Redknapp pozwolił dziś zagrać kilku piłkarzom, którzy do tej pory nie dostawali od niego zbyt wielu szans, lub też dopiero co wrócili po kontuzji. Tak stało się na przykład z Jermaine'em Jenasem, który niedawno wyleczył uraz, by wybiec na zmrożone boisko w Enshede i złapać kolejną kontuzję. Swoje szanse dostali także Niko Kranjcar czy Vedran Corluka, a po zmianie stron, na placu gry, pojawił się nawet Robbie Keane.

Wszystko zaczęło się już w 12. minucie spotkania, kiedy to Peter Wisgerhof skierował futbolówkę do własnej bramki. Jeśli ktokolwiek z nas widział gola "zdobytego" przez Irlandię Północną w meczu z Polską, czy też Chorwację w konfrontacji z Anglią, może przypuszczać jak Sander Boschker zachował się przy tej bramce. Gospodarze odpowiedzieli jednak natychmiast, a po dwukrotnie egzekwowanym karnym za chronienie własnej twarzy przez Benoit Assou-Ekotto, Danny Landzaat, pomocnik Twente doprowadził do wyrównania.

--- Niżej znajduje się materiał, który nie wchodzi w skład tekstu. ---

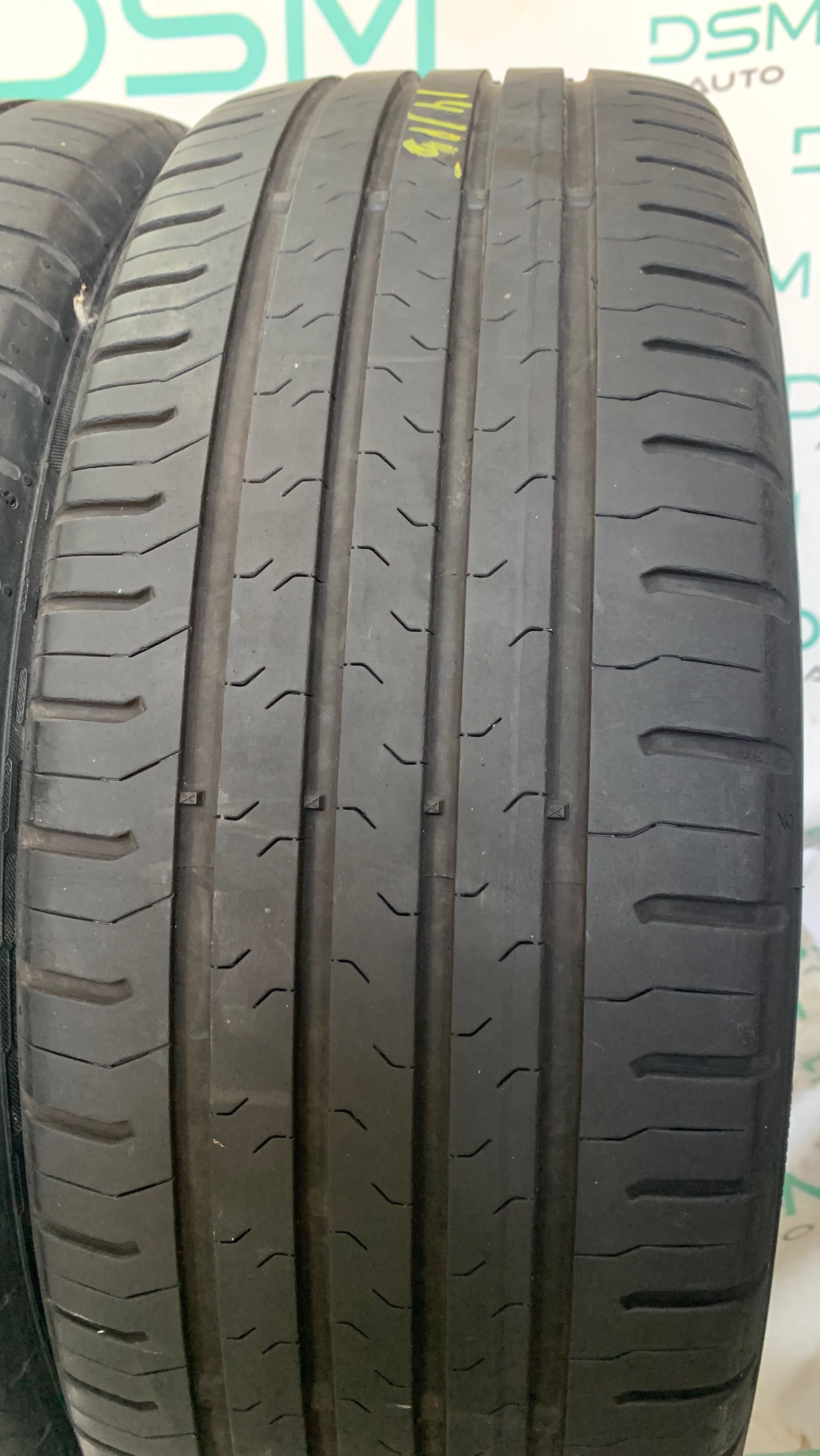 Скад шин б/в. 215/60 R17 Continental ContiEcoContact 5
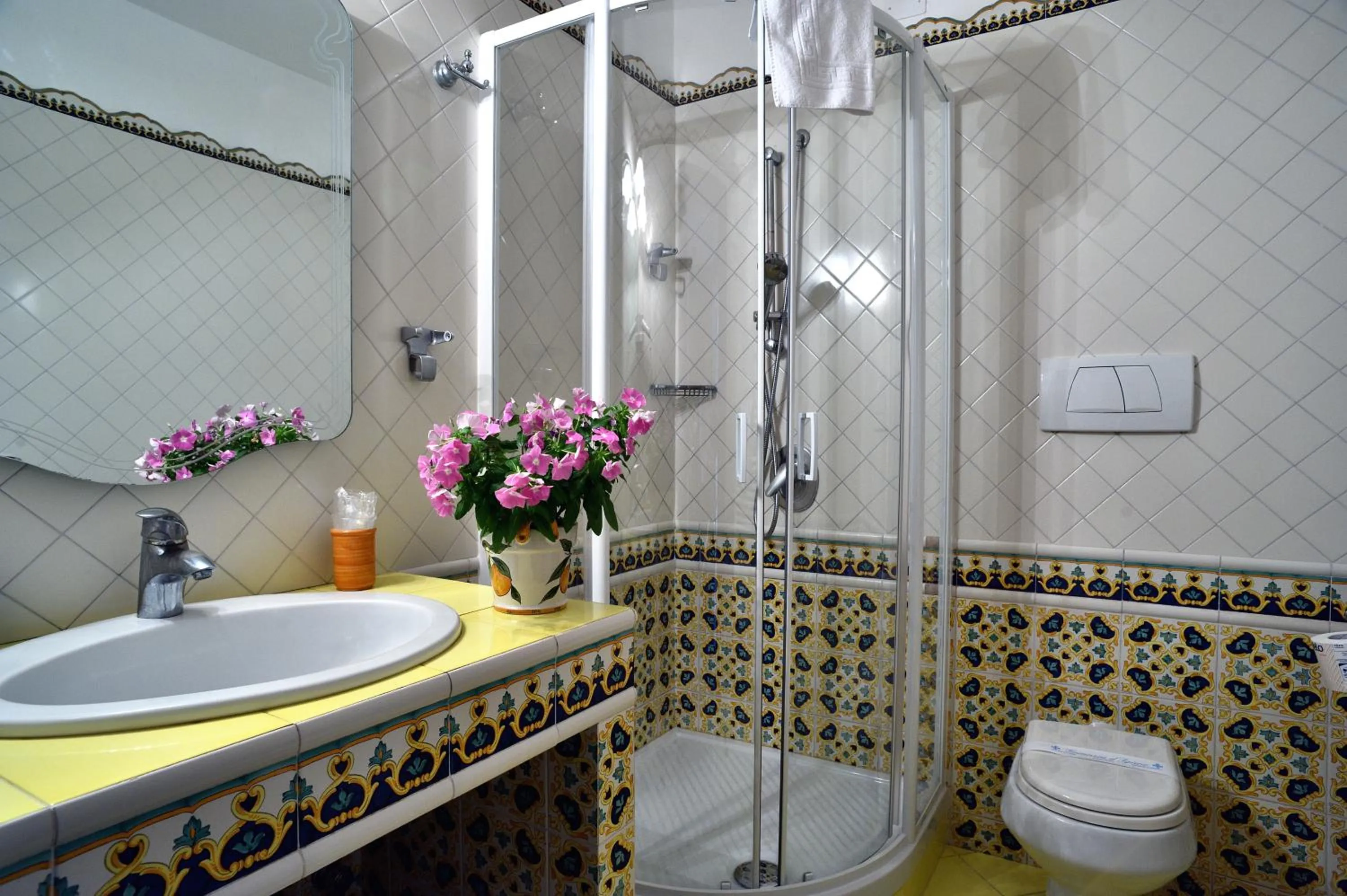 Shower in Hotel La Tonnarella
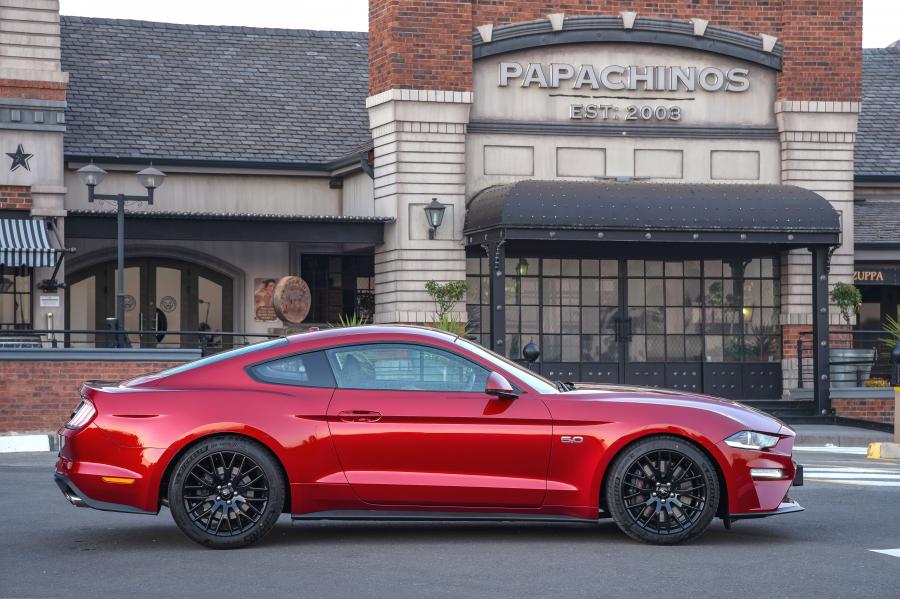  Ford Mustang GT Fastback 2019 года  (ZA) (фото 20 из 44)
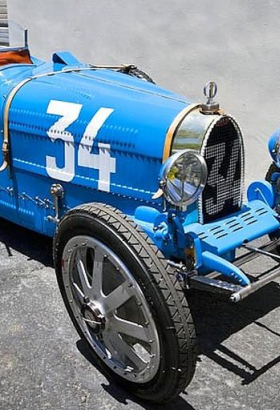 С чего начинали автогиганты: первые модели автомобилей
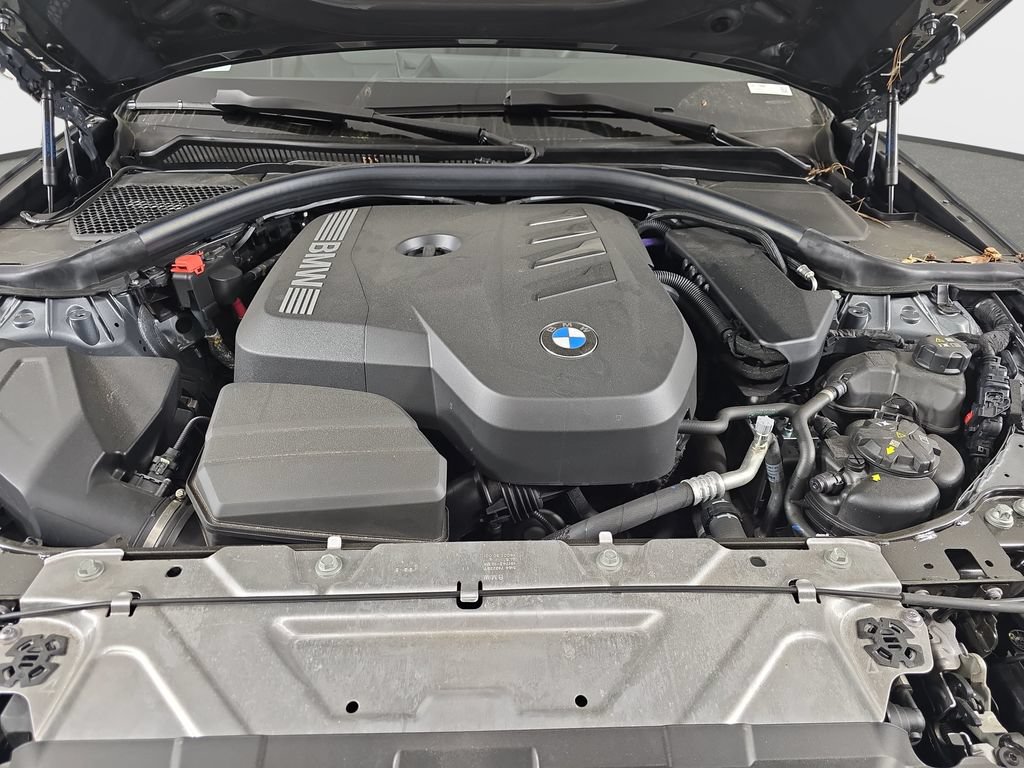 Used 2025 BMW 330i xDrive Sedan w/ Convenience Package AWD/4WD image 34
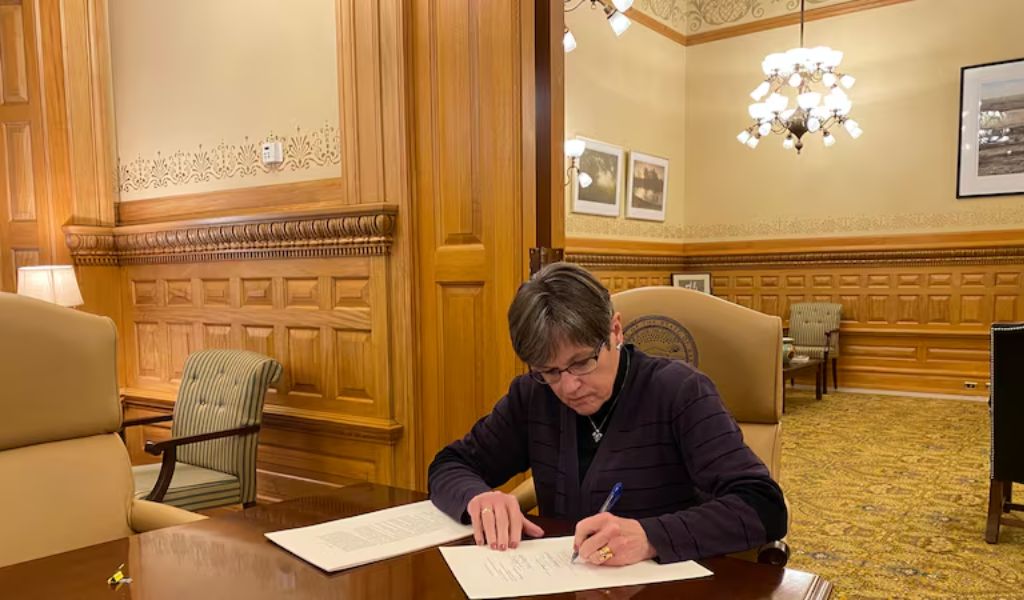 Kansas Governor Signs A Bill That Will Make Things Easier For Military Wives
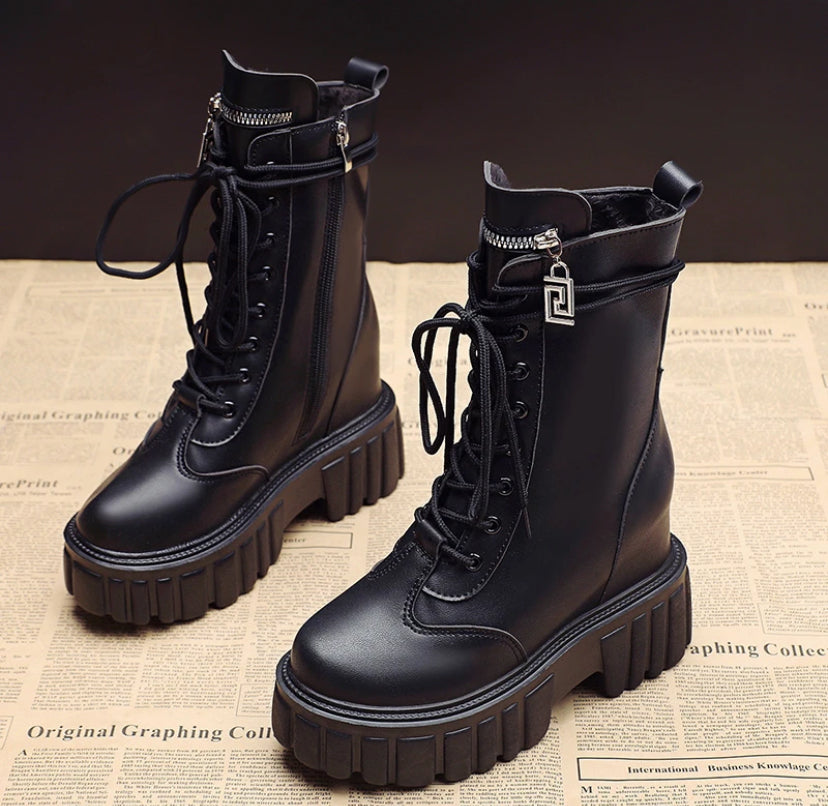 Trendy Boots with pockets White Black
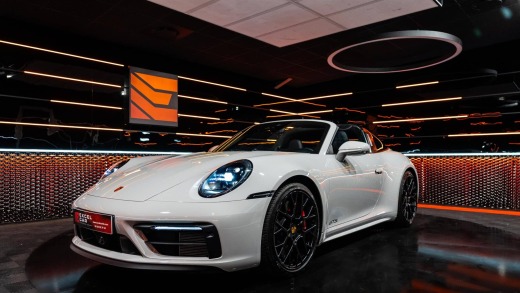 PORSCHE 992 TARGA 4 GTS PDK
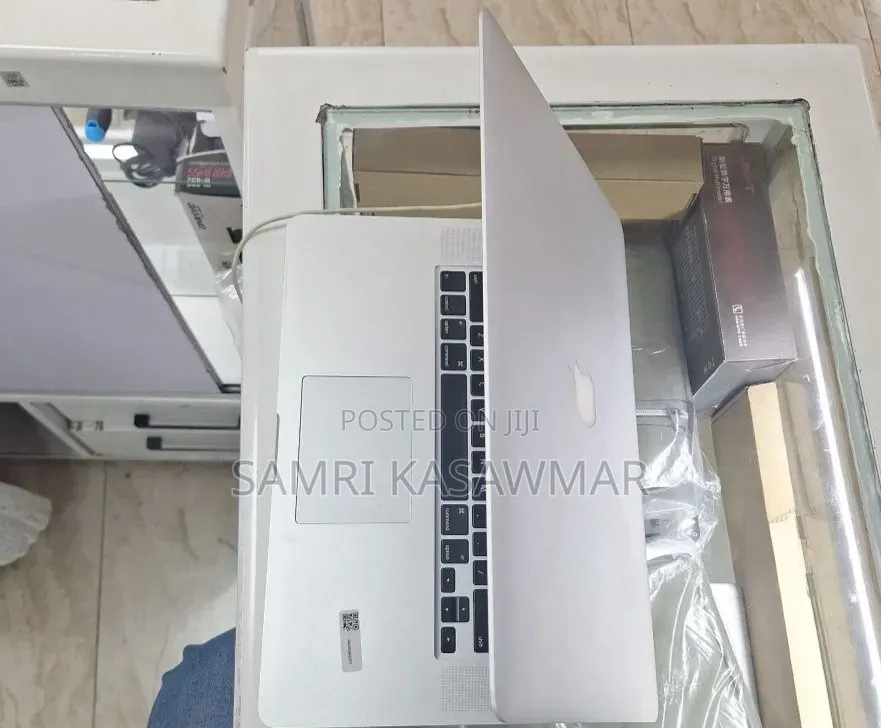 New Laptop Apple MacBook 2015 16GB Intel Core i7 SSD 256GB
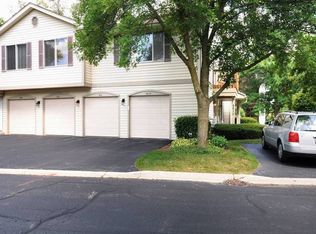 5515 Barclay Ct, Clarendon Hills, IL 60514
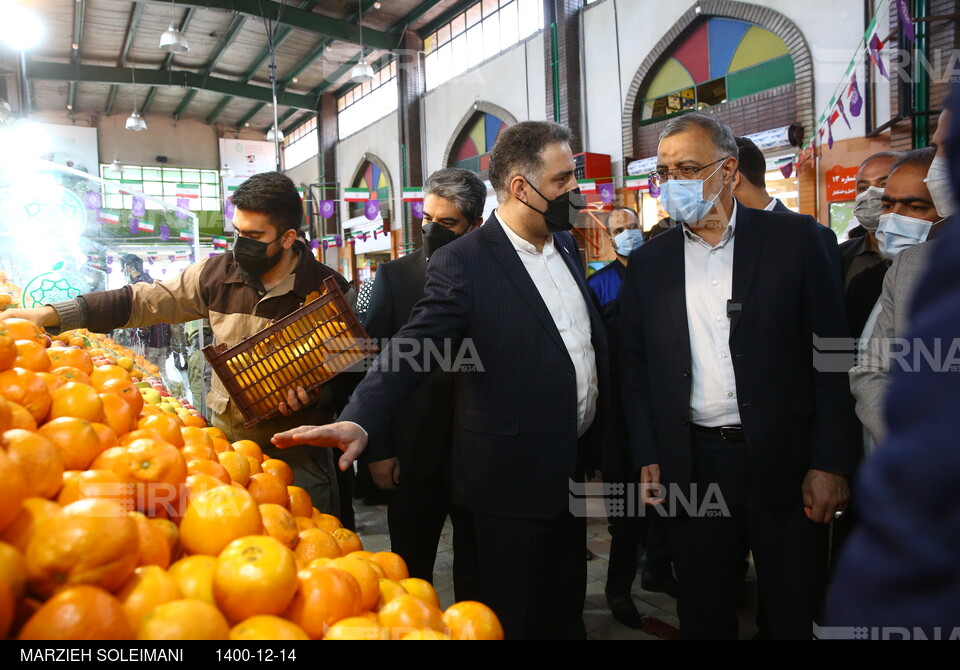 بازدید شهردار تهران از بازار میوه تره بار جلال آل احمد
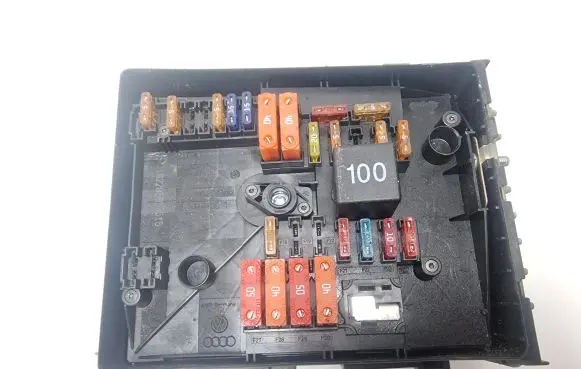 Volkswagen Touran I Fuse module 1K0937821C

Po zmianie stron, Tottenham jeszcze dwa razy obejmował prowadzenie, lecz za każdym razem zawodnicy Twente także odpowiadali bramkami. Najpierw po trafieniu Jermaina Defoe w 47. minucie, piłkę do siatki Heurelho Gomesa wpakował Rosales, a kilka minut później, po drugiej bramce Defoe w meczu, wynik na 3:3, z równie kontrowersyjnego co jedenastka, rzutu wolnego, ustalił Chadli.

Pomimo dogodnych sytuacji z obu stron, rezultat już do końcowego gwizdka słabego sędziego nie uległ zmianie. Tottenham, wywożąc z Holandii jeden punkt, zapewnił sobie pierwsze miejsce w grupie. Dzięki temu, nasi piłkarze w początkowej fazie rozgrywek play-off Ligi Mistrzów nie będą musieli walczyć z tuzami europejskiego futbolu, z Barceloną czy Realem Madryt na czele.

Składy:

Twente: Boschker - Wisgerhof, Tiendalli, Rosales, Franco - Brama, Landzaat, Janssen, Chadli, de Jong - Janko (Vujicevic 73.)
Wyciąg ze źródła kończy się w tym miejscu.